Feminist Avatar said...

How the removal of gender distinction works differs across theorists, but I like to think about it as 'woman' would signify less. So, it would like the difference between having blue and brown eyes. The physical difference is real, but it doesn't mean much, and it certainly doesn't define your fate. And as such, changing sex wouldn't be such a big deal (to the world- it would still be significant to the individual), because there wouldn't be so much riding on it, just the happiness of the individual.

I think removing gender from things like passports is a good idea.
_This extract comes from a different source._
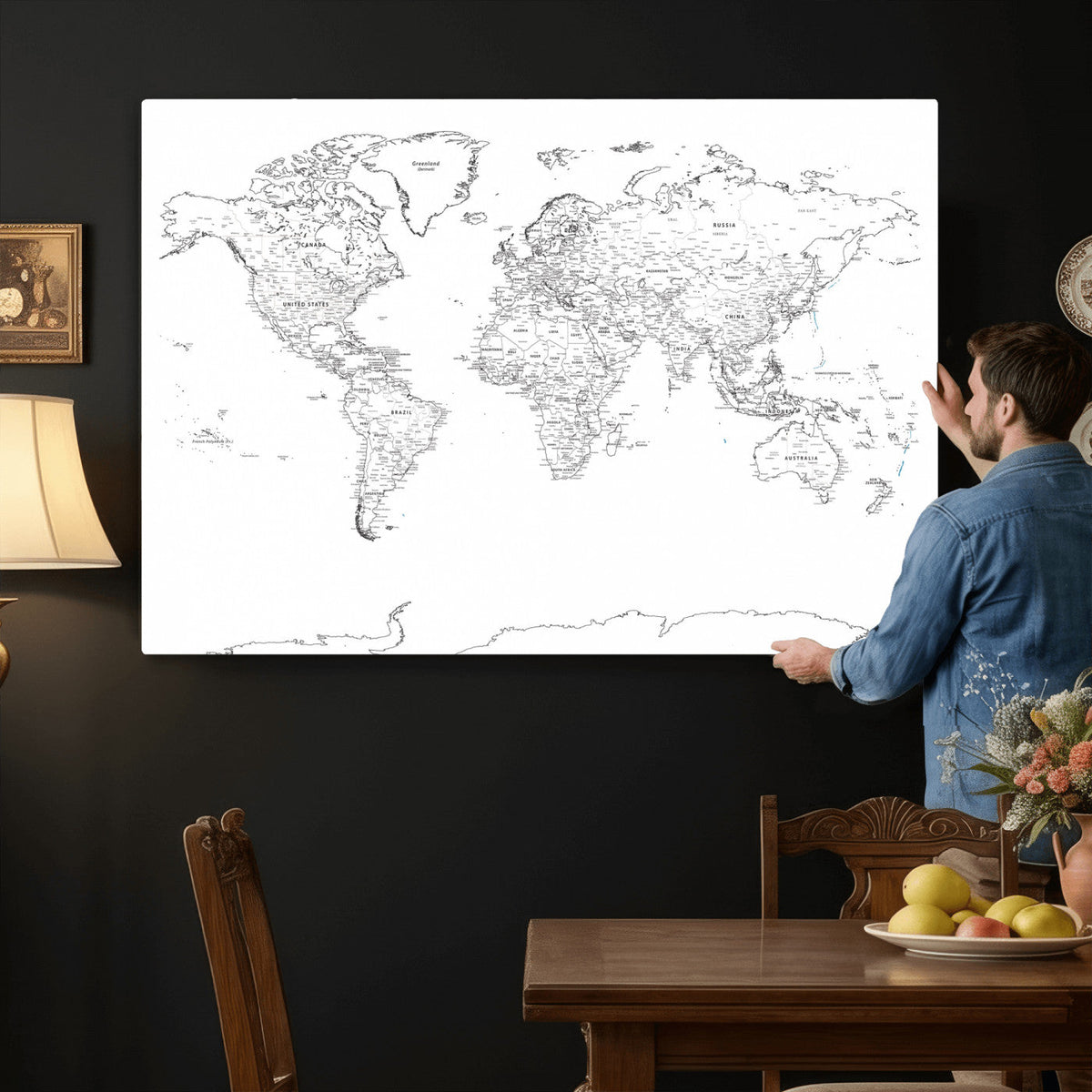 World Map Canvas Print – Framed Modern Detailed Map of the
I know that some people wouldn't like it because they would argue that it could lead to gender discrimination, but with no way of monitoring it- but equally by focusing on gender we reinforce the binary.

Speaking of male-centric teaching, my husband, a computing teacher, came home from school having seen the biology lesson- where students were taught that when a man puts his penis in the vagina it brings pleasure for both parties FULL STOP. No discussion about consent or technique- it's just a biological fact. I was dumbstruck.

queen emily said...

Oy, that's horrible. Sex ed would be another good place for a feminist intervention. Trying to remove the phallocentric notion of "foreplay" leading up to penetrative sex would be good to make sex more female centred. And being more queer friendly, obviously.

>>>And as such, changing sex wouldn't be such a big deal (to the world- it would still be significant to the individual), because there wouldn't be so much riding on it, just the happiness of the individual.